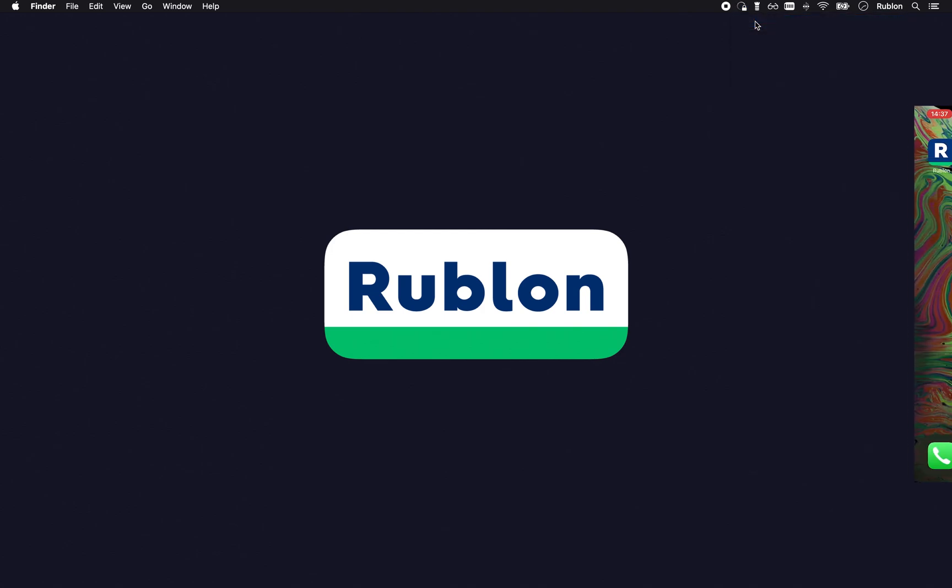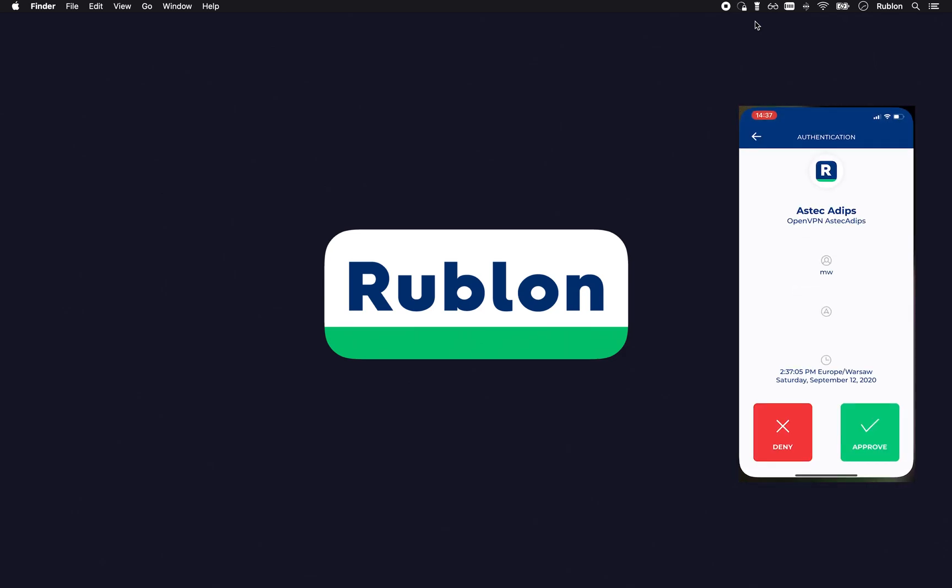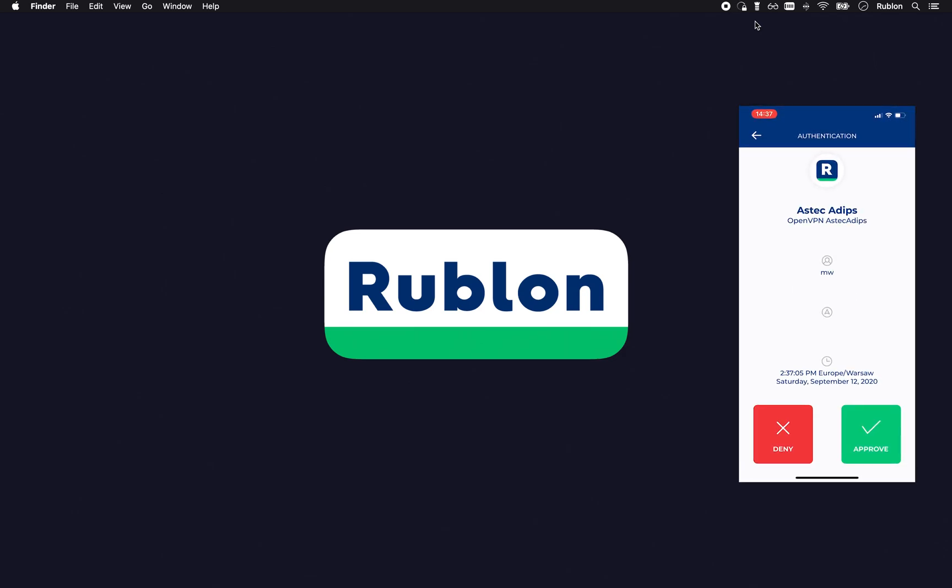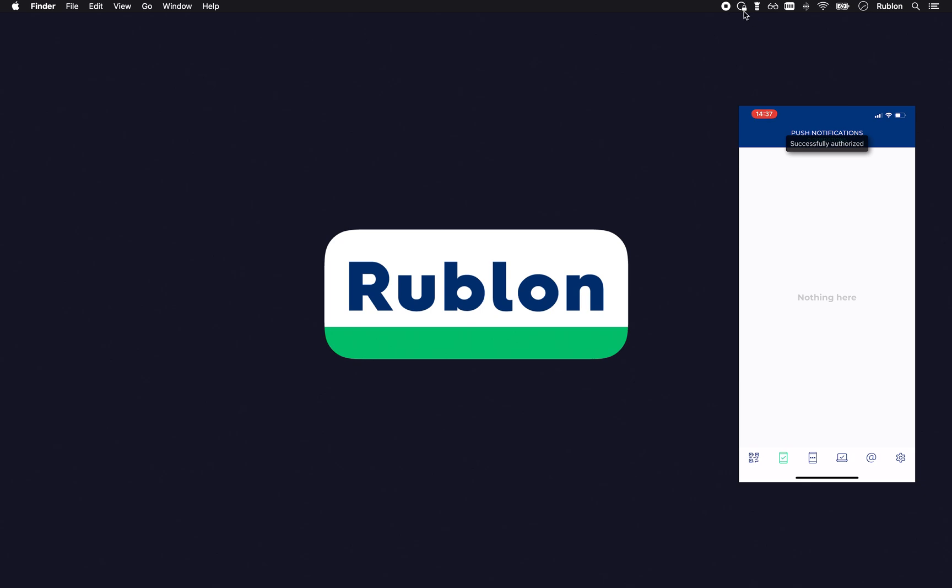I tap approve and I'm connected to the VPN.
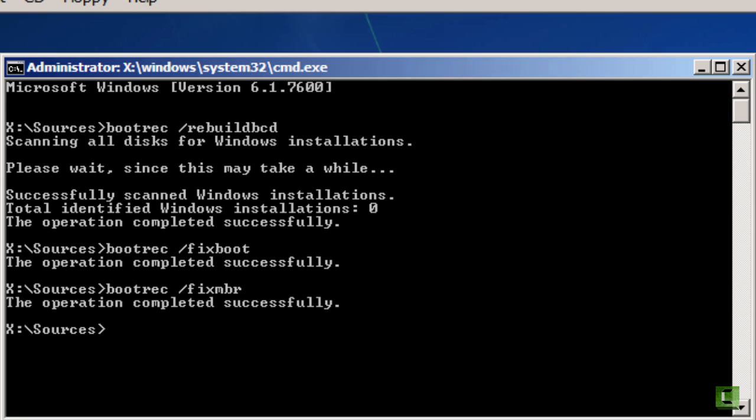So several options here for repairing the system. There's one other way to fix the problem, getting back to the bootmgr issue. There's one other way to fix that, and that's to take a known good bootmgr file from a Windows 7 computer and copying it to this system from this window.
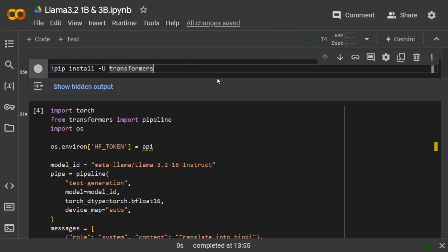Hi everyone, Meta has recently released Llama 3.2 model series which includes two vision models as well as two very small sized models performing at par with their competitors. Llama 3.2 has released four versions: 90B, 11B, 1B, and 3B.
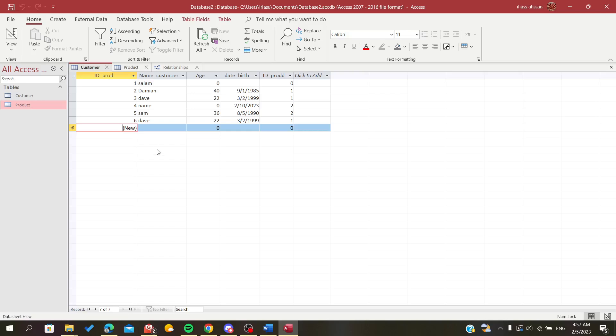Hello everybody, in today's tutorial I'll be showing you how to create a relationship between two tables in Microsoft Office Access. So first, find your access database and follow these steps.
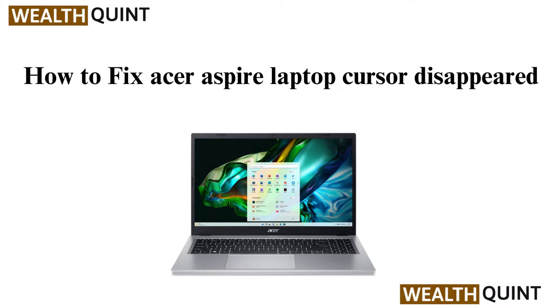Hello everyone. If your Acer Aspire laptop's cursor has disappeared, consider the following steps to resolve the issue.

──────────────────────────────

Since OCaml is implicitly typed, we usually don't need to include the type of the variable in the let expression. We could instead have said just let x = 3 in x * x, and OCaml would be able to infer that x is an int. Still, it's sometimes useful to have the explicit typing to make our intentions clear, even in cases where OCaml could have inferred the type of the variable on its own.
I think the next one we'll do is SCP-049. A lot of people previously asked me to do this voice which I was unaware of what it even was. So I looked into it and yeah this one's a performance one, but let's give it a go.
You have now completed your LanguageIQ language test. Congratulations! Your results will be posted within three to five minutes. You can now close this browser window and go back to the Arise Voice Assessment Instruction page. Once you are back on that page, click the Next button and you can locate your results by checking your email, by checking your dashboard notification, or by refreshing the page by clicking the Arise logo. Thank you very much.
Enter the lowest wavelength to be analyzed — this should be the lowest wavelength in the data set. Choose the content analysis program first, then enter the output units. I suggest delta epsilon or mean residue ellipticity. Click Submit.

──────────────────────────────

Directions:
Make an exact copy of the lines above, beginning with the line with "Hi everyone, Meta" and ending with the line with "Hello everyone. If", and keep the pictures out of it.

Completed task:
Hi everyone, Meta has recently released Llama 3.2 model series which includes two vision models as well as two very small sized models performing at par with their competitors. Llama 3.2 has released four versions: 90B, 11B, 1B, and 3B.
Hello everybody, in today's tutorial I'll be showing you how to create a relationship between two tables in Microsoft Office Access. So first, find your access database and follow these steps.
Hello everyone. If your Acer Aspire laptop's cursor has disappeared, consider the following steps to resolve the issue.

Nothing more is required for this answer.